Stored entries:
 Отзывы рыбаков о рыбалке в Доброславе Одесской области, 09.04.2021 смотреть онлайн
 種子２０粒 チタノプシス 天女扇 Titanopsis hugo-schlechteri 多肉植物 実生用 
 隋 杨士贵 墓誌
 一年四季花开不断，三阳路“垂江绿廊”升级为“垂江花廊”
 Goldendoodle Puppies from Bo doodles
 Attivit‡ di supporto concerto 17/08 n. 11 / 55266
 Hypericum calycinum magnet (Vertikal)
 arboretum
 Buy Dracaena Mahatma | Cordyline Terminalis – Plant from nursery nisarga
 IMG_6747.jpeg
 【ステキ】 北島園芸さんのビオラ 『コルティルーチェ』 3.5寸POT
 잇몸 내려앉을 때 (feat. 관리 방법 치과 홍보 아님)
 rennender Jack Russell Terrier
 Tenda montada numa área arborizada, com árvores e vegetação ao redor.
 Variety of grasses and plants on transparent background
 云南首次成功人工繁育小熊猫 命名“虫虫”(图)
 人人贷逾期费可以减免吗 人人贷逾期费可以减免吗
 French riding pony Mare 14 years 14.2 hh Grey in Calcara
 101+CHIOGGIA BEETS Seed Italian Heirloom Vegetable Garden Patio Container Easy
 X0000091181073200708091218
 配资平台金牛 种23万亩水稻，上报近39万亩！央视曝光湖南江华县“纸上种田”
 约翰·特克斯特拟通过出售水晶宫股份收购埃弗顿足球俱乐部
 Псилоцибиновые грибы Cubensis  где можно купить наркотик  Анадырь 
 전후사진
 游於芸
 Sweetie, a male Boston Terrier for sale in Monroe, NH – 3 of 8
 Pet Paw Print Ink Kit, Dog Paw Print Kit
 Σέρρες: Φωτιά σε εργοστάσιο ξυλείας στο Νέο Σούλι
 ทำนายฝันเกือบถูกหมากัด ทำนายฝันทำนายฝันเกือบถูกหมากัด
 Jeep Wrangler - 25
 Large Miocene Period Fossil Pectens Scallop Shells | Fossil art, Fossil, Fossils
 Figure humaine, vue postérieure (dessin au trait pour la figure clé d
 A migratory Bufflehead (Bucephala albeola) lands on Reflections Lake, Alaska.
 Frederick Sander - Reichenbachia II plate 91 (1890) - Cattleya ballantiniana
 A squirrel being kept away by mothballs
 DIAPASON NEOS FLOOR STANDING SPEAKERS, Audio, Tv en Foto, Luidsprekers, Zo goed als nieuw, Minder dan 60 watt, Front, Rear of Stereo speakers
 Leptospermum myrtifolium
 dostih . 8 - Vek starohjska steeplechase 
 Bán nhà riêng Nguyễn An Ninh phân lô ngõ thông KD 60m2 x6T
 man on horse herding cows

> _What is required_
All of the data above should be written out again word for word.

> _Task solution_
 Отзывы рыбаков о рыбалке в Доброславе Одесской области, 09.04.2021 смотреть онлайн
 種子２０粒 チタノプシス 天女扇 Titanopsis hugo-schlechteri 多肉植物 実生用 
 隋 杨士贵 墓誌
 一年四季花开不断，三阳路“垂江绿廊”升级为“垂江花廊”
 Goldendoodle Puppies from Bo doodles
 Attivit‡ di supporto concerto 17/08 n. 11 / 55266
 Hypericum calycinum magnet (Vertikal)
 arboretum
 Buy Dracaena Mahatma | Cordyline Terminalis – Plant from nursery nisarga
 IMG_6747.jpeg
 【ステキ】 北島園芸さんのビオラ 『コルティルーチェ』 3.5寸POT
 잇몸 내려앉을 때 (feat. 관리 방법 치과 홍보 아님)
 rennender Jack Russell Terrier
 Tenda montada numa área arborizada, com árvores e vegetação ao redor.
 Variety of grasses and plants on transparent background
 云南首次成功人工繁育小熊猫 命名“虫虫”(图)
 人人贷逾期费可以减免吗 人人贷逾期费可以减免吗
 French riding pony Mare 14 years 14.2 hh Grey in Calcara
 101+CHIOGGIA BEETS Seed Italian Heirloom Vegetable Garden Patio Container Easy
 X0000091181073200708091218
 配资平台金牛 种23万亩水稻，上报近39万亩！央视曝光湖南江华县“纸上种田”
 约翰·特克斯特拟通过出售水晶宫股份收购埃弗顿足球俱乐部
 Псилоцибиновые грибы Cubensis  где можно купить наркотик  Анадырь 
 전후사진
 游於芸
 Sweetie, a male Boston Terrier for sale in Monroe, NH – 3 of 8
 Pet Paw Print Ink Kit, Dog Paw Print Kit
 Σέρρες: Φωτιά σε εργοστάσιο ξυλείας στο Νέο Σούλι
 ทำนายฝันเกือบถูกหมากัด ทำนายฝันทำนายฝันเกือบถูกหมากัด
 Jeep Wrangler - 25
 Large Miocene Period Fossil Pectens Scallop Shells | Fossil art, Fossil, Fossils
 Figure humaine, vue postérieure (dessin au trait pour la figure clé d
 A migratory Bufflehead (Bucephala albeola) lands on Reflections Lake, Alaska.
 Frederick Sander - Reichenbachia II plate 91 (1890) - Cattleya ballantiniana
 A squirrel being kept away by mothballs
 DIAPASON NEOS FLOOR STANDING SPEAKERS, Audio, Tv en Foto, Luidsprekers, Zo goed als nieuw, Minder dan 60 watt, Front, Rear of Stereo speakers
 Leptospermum myrtifolium
 dostih . 8 - Vek starohjska steeplechase 
 Bán nhà riêng Nguyễn An Ninh phân lô ngõ thông KD 60m2 x6T
 man on horse herding cows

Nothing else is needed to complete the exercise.